Cao Hamburger ( “O Ano em que Meus Pais Sairam de Férias” 2006) dirigiu “Xingu”acompanhando os irmãos defensores dos índios, fazendo com que os brasileiros que nunca tinham ouvido falar deles ou muito vagamente, fizessem essa descoberta.

Fazer contato era a missão deles. Com suas canoas a remo, cruzavam os rios de Mato Grosso, à procura de povos indígenas que nunca tinham visto um homem branco.

Mas os impecilhos, as decepções, a falta de apoio do governo, as lutas com os homens que cobiçavam as terras dos índios e pagavam para vê-los exterminados e as brigas entre os irmãos por causa das condições de vida que estavam longe da aventura sonhada inicialmente, são o recheio do filme.
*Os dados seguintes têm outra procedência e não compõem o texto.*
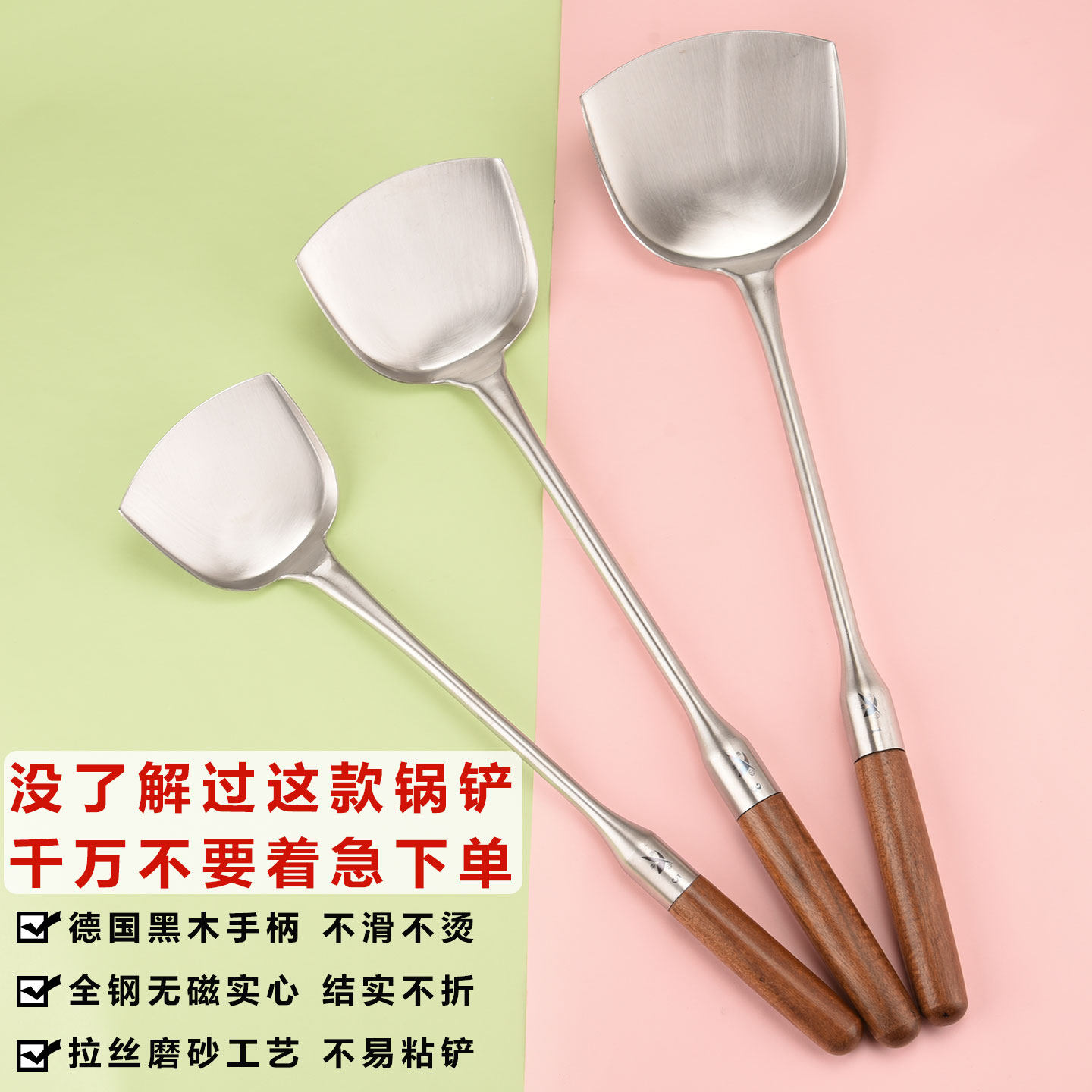不锈钢进口锅铲加厚加硬小锅铲可爱小号家用老式中式锅铲长柄加长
Estamos num pedaço virgem do Brasil e o que restou dos povos da mata, amparados pelos Villas Bôas, iniciou em 1961 (ano em que terras da reserva são doadas por decreto do presidente Janio Quadros), um trabalho que irá culminar com a solidificação do Parque Nacional do Xingu, hoje uma realidade.

Cao Hamburguer, o diretor do filme diz:

“- Queria muito ter o ponto de vista dos índios nessa história, por isso fiz questão que participassem da pesquisa, contribuíssem no roteiro e trabalhassem como atores.”

Cao Hamburguer conseguiu com isso que o filme tivesse uma autenticidade necessária para dar peso à epopéia que é contada. E também chamar a atenção para a causa defendida.

Depois de “Xingu”, além da admiração pelo trabalho dos irmãos Villas Bôas, indicados ao prêmio Nobel em 1971, outro ponto importante é levantado: a questão dos povos indígenas ainda precisa ser mais amplamente discutida pelos brasileiros.

Como integrar o índio de maneira sensata, ao mesmo tempo respeitando sua cultura? É uma tarefa difícil, mas necessária, para a nossa geração e as futuras.